Bucks face uphill climb without Redd
Michael Redd, 29, has been a picture of health for years. No surgeries. No serious injuries. But that all changed Saturday night, when Redd hobbled off the floor in the third quarter of the Bucks' game against Sacramento. Tests revealed Redd had suffered a torn left ACL and MCL and would be lost for the remainder of the season.
"I knew it as soon as it happened," Redd said in a telephone interview. "As I walked off, it didn't feel right."
The good news: As serious as Redd's injury was, it probably could have been worse. Doctors have told Redd that they expect him to make a complete recovery within six months, more than enough time for the shooting guard to be ready for the start of next season. Redd talked about spending his time off reshaping his body -- "Look for my body to be totally different next year," he vowed -- and said he got a boost from a phone call from Dwyane Wade, who has battled knee injuries in the past.

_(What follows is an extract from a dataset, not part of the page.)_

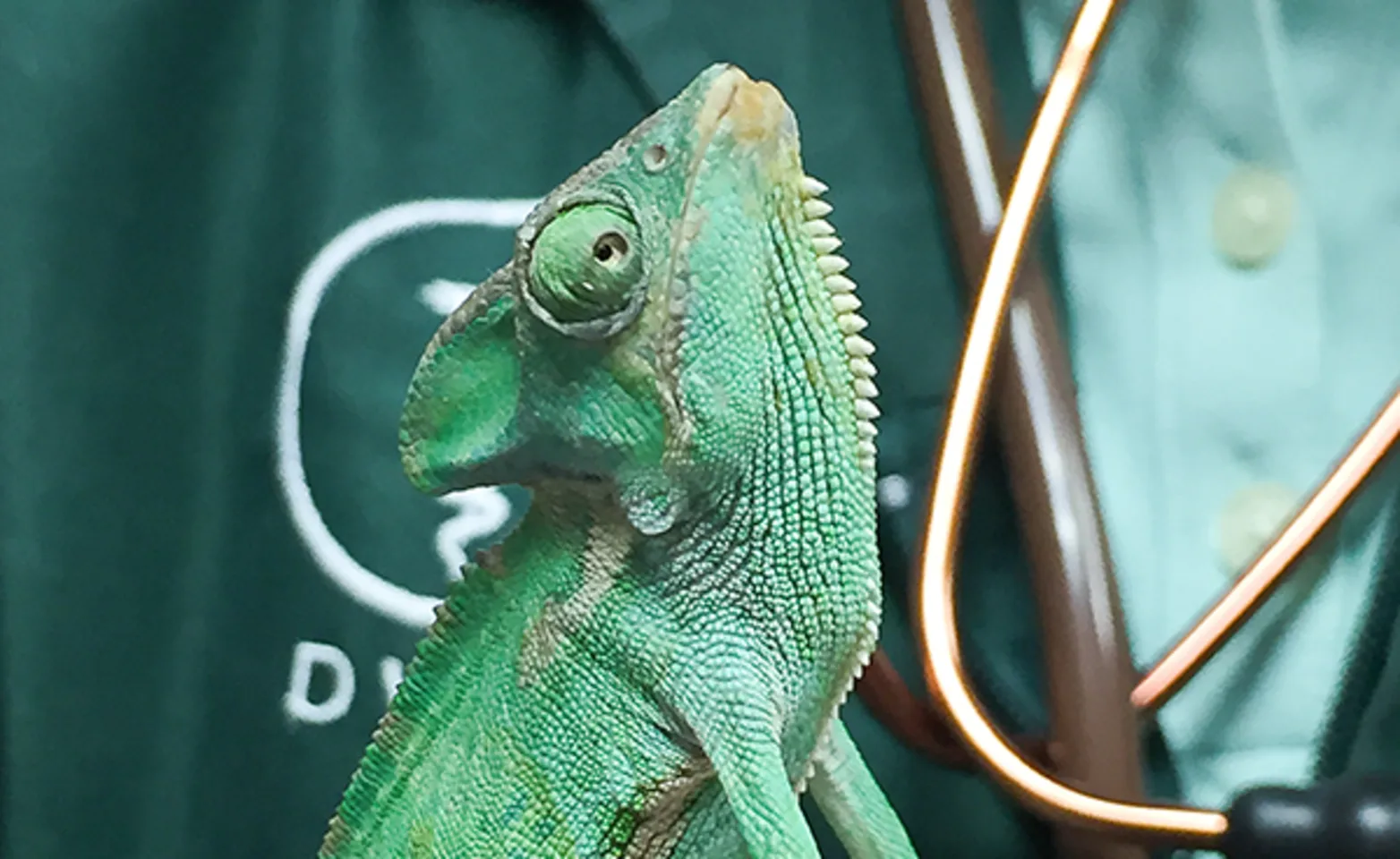 chameleon drinking water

"He told me to take my time, not rush it and I will come back stronger," Redd said. "Seeing how he has played this season after battling stuff like this, that means a lot."
The bad news: Milwaukee's playoff run could be over. Redd was the team's leading scorer (21.2 points), and the Bucks won't get anywhere near that kind of production from backups Ramon Sessions and Charlie Bell. It's a huge disappointment for a team that survived a brutal two-month stretch at the start of the season to grab a tenuous hold on the eighth playoff spot in the East.

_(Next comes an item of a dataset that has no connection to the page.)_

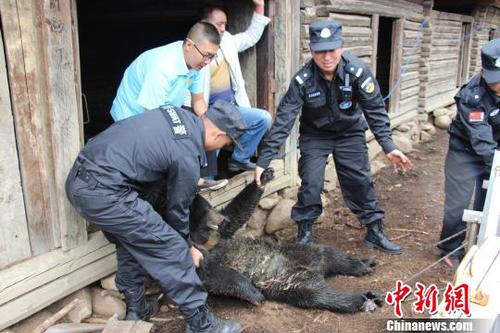 圖為云南省野生動(dòng)物收容拯救中心人員將黑熊麻醉后裝籠?！＄娦?攝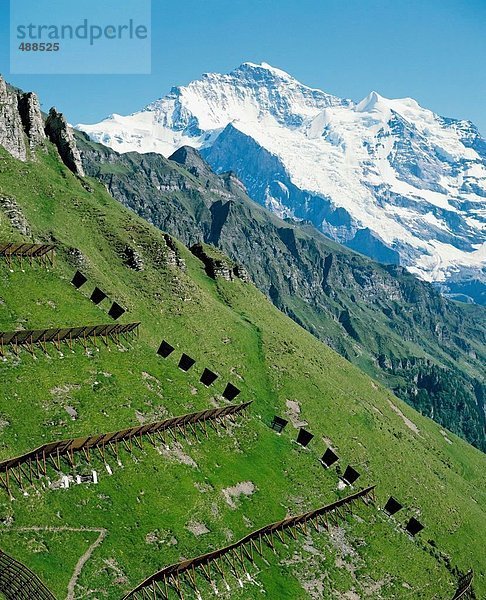 10120296  Jungfrau  Lawinen  Lawinen-Schutz  Schutz  Verbauung  Berge  Alpen  Alpen  Mountains  Schweiz  E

"I think we can still do it," Redd said. RJ [Richard Jefferson] is a great scorer. Charlie [Villanueva] is a scorer. Andrew Bogut is back. And I'm going to be around to encourage them and hold everyone accountable. I'm going to be like a coach."
I think the Cavs are scared to make a big splash to avoid disturbing chemistry, but a more subtle move could do the trick. A guy like Jason Kapono could be a perfect addition to come off the bench to provide a deadly outside threat and more production than Sasha Pavlovic. As a Raptors fan I like Kapono, but for whatever reason his talents seem wasted on this team.
You're right, the Cavs are nervous about any deal disrupting their carefully cultivated chemistry. I'm not sure Kapono is the answer. I don't think he is that much of an upgrade over Wally Szczerbiak or Pavlovic. Szczerbiak is a lot like Kapono: spot-up shooter who doesn't do much of anything else.
Cleveland doesn't have many holes, but bringing in a backup big man like Joe Smith would provide valuable insurance in case Zydrunas Ilgauskas suffers another injury. I still expect the Thunder to waive Smith before March 1.
Given the quick trigger on coaches lately, what do you think about the future of Detroit's Michael Curry, Chicago's Vinny Del Negro and Phoenix's Terry Porter -- three coaches who were hired last offseason?
My feeling is you can't evaluate a coach without at least two years on the job. That said, I'm starting to seriously wonder if Curry, Del Negro and Porter will survive until next season. Curry is the most likely to stay because he has a strong general manager in Joe Dumars, who understands there will be bumps in the road for a team essentially trying to reinvent itself. Del Negro, who wasn't Chicago's first choice, appears to have lost his players, and Porter's system has not endeared him to Steve Nash or Amaré Stoudemire. So I don't think coach-hunting season is over yet.
Come on, Chris, stop throwing Chris Bosh's name out there in a meek effort to get the Raptors' faithful upset enough to start e-mailing you like crazy about Bosh's possibly leaving. And yes, I realize the irony in this e-mail.
Hey, at least I'm not Jalen Rose, who announced on ESPN early this season that both Bosh and LeBron James would definitely be in New York in 2010. Look, I don't think New York City impresses Bosh the way it does LeBron. I think if Raptors GM Bryan Colangelo can put the kind of team together that will make Bosh feel comfortable in the direction of the franchise for the next six or seven years, he will re-sign. But if Colangelo doesn't, Bosh is gone. It's as simple as that.